PROD Monorepo Cutover + DID routing_environment Rollout¶
Status: ✅ COMPLETED 2026-04-17 Owner: Hari Backup retained at: /root/cutover-backup-1776420747 on prod VPS (keep until 2026-05-01) Outcome: Clean cutover. Zero customer downtime. All four prod services (api, editor, workflow-engine, pipecat-flow) migrated to monorepo deploys. Staging forwarding via WireGuard live for AstraPrivate DIDs. Rollback time estimate if needed: ~2 min (revert /opt/
This runbook below documents the plan that was executed. Kept as the reference template for the next platform-level cutover.

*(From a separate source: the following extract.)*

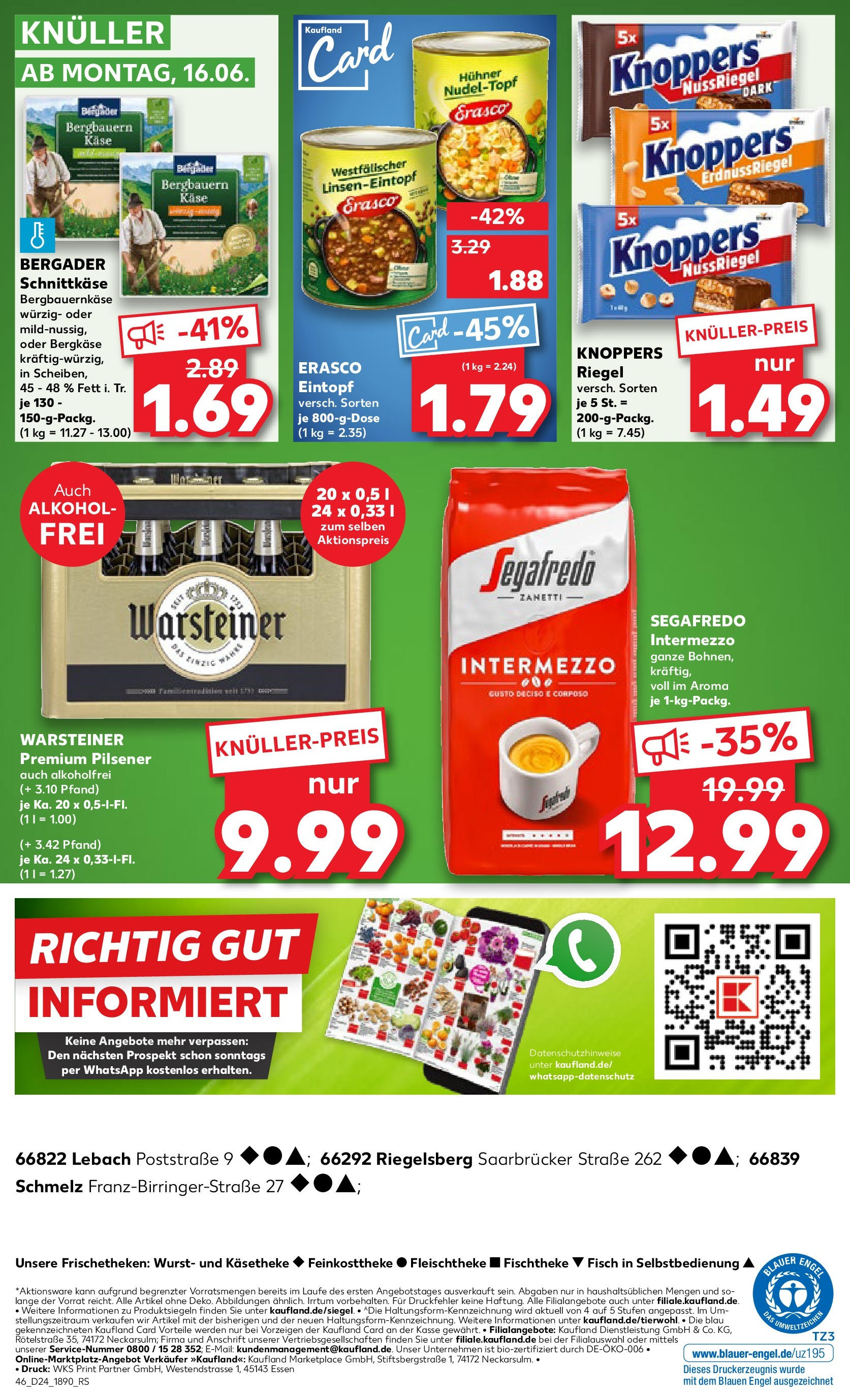 Prospekt Kaufland ab 11.06.2025 » Angebote Online zum Blättern | Seite: 46 | Produkte: Käse, Knoppers, Erasco, Segafredo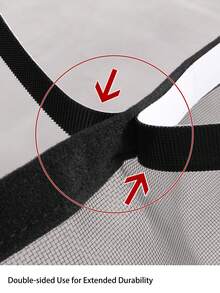 White DIY Window Screen Mesh Set, Cut-To-Fit Breathable Net, Self-Adhesive Hook & Loop Easy Install, Mosquito & Bug Protection For Home Windows - Black - View 5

This runbook covers the first real deploy through the monorepo CI/CD on production — alongside the schema change required by the DID routing-environment feature merged in PR #8.
Why this is high-stakes¶
- First real monorepo deploy on prod. Per-repo CI/CD on prod was disabled when we set up the monorepo runner. This will be the first push that actually
rsyncs the new monorepo into/opt/<app>on prod. - Schema migration required. PR #8's generator queries
did_numbers.routing_environment. Without theALTER TABLE, every gateway-routing regeneration on prod will throwUnknown column. - Auto-trigger on merge. All four
deploy-*-prod.ymlworkflows fire onpush: branches: [main]withpaths: ['<app>/**']. The moment the merge lands, prod runner picks it up and rsyncs.
Therefore the schema must be in place BEFORE the merge, and we backup before merging.
Pre-flight checks (run before anything destructive)¶
# 1. Prod monorepo runner is online + listening
ssh root@89.116.31.109 'systemctl status actions.runner.astradial-astradial-platform.* --no-pager | head -5'
# 2. Old per-repo runners are NOT running (would also pick up workflows)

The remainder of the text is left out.